Como este exame funciona?

– Primeiramente o paciente deverá passar por um preparo que será instituído e orientado no momento do agendamento do exame, dentre eles, resumidamente:

– Antibióticos devem ser evitados por 4 semanas antes do exame

– Evitar a ingesta de carboidratos de lenta absorção e fibrasna noite anterior ao exame

– Grãos, cereais: aveia, arroz integral, pão/biscoito integral, pão de centeio, linhaça, chia, soja, pipoca, trigo, etc.
– Leguminosas: feijão, lentilha, ervilha, etc.
– Frutas: laranja, maçã, manga, ameixa, pera, abacate, kiwi, morango, banana, ameixa seca, mamão, etc.
– Hortaliças e Legumes: couve, repolho, agrião, berinjela, cenoura, batata doce, espinafre, beterraba, tomate, brócolis, mandioca, vagem, etc.
– Oleaginosas: amendoim, amêndoa, nozes, etc.

  • Alimentos permitidos: Pães não integrais, biscoito maisena/maria sem leite/lactose, biscoitos não integrais, café, chá, margarina e manteiga sem lactose, arroz branco, macarrão não integral, macarrão de arroz, carne de boi, frango, ovo, peixe.

– Tabagismo e o exercício físico devem ser evitados 2 horas antes do exame

– Medicamentos como laxativos, se tolerado, devem ser interrompidos por pelo menos 1 semana antes do exame.

– Probióticos (floratil, repoflor, prolive, bifilac, simbioflora, etc,) devem ser descontinuados por 4 semanas antes do exame

– Jejum de 8-12 horas

– Antes de iniciar o teste o paciente deverá realizar a higiene bucal (escovar os dentes e enxaguar a boca com água anti-séptica e água) para eliminar um possível pico de hidrogênio precoce devido à ação de bactérias orais.

– Após o paciente inicia o teste assoprando vagarosamente em um aparelho que medirá a concentração inicial (basal) do gás de hidrogênio.

– Em seguida o paciente ingere uma solução contendo o carboidrato a ser testado (lactose, frutose, sacarose, glicose, xilose ou sorbitol), após administração, realiza-se medições a cada 15/30 minutos por 3-5 horas do gás de hidrogênio exalado.

– Se o paciente digerir normalmente os açúcares, não será observada nenhuma alteração nos níveis de hidrogênio na expiração.

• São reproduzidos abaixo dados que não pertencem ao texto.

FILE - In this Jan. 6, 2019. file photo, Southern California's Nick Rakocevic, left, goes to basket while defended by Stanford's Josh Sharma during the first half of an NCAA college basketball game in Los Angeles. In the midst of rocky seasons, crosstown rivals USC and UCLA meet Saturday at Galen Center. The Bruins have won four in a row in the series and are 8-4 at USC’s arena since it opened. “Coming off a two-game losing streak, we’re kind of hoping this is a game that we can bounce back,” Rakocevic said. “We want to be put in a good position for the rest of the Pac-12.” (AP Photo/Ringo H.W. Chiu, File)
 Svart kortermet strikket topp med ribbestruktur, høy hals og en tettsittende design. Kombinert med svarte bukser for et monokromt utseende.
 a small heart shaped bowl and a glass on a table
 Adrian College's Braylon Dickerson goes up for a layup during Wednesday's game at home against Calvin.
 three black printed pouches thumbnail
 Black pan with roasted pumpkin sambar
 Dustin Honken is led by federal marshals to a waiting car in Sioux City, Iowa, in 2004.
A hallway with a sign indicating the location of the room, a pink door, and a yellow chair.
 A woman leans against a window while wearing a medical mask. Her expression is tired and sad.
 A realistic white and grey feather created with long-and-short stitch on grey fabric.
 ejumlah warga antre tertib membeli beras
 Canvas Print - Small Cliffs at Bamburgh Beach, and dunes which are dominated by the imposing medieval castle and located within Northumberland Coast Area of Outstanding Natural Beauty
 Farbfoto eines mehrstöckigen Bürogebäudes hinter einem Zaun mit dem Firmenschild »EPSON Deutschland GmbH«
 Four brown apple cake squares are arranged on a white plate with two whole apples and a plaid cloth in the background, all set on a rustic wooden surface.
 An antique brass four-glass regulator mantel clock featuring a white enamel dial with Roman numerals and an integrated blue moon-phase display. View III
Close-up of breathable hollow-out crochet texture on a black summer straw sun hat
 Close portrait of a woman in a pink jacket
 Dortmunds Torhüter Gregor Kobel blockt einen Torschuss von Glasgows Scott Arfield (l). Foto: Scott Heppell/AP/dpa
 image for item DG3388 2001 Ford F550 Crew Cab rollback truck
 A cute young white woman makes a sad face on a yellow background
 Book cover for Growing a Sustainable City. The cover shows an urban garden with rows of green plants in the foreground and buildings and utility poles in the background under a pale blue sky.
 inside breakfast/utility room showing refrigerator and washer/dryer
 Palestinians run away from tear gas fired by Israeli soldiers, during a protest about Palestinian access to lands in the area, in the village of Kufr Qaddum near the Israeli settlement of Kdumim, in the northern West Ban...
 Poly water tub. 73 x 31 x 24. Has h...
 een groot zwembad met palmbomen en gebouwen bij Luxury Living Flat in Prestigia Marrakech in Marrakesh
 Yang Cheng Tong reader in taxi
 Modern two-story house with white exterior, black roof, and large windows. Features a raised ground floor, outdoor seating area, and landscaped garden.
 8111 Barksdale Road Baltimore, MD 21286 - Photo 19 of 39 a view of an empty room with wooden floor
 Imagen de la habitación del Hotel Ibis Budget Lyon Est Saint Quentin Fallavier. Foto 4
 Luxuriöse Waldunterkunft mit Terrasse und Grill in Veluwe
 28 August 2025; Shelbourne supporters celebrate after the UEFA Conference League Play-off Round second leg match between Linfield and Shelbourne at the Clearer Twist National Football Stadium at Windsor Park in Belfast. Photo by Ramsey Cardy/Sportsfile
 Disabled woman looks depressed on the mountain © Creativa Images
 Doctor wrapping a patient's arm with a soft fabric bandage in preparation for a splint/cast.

Se houver intolerância, o resultado será dado ao final do exame.

– É muito importante ao longo do teste, o paciente informar ao técnico, quais os sintomas que estão aparecendo.

– Após o teste o paciente poderá retornar a sua dieta e atividades normais.

Quais as indicações?

– 1ª é quando os açúcares da dieta não têm digestão normal. O mais frequente deles é a lactose, o açúcar do leite. As pessoas que são incapazes de fazer a digestão apropriada da lactose são denominadas de intolerantes à lactose. Ele também pode ser usado para diagnosticar problemas com a digestão de outros açúcares como a frutose.

– 2ª é para diagnosticar supercrescimento bacteriano do intestino delgado, uma  situação em que um número maior que o normal de colônias bacterianas estão presentes no intestino delgado.

– 3ª é para diagnosticar a passagem rápida do alimento através do intestino delgado.

** Todas essas três situações podem causar dor abdominal, estufamento e distensão abdominal, flatulência excessiva e diarreia.

– Os testes respiratórios são uma solução eficaz e indolor aos exames feitos através de coleta de sangue, por isso, é especialmente indicado para pacientes sensíveis, bebês e crianças.

Há algum risco?

– É um exame seguro, que não apresenta riscos ao paciente.

– No entanto os pacientes podem apresentar alguns efeitos colaterais pela ingestão dos carboidratos, como distensão abdominal, flatulência, náuseas e diarreia.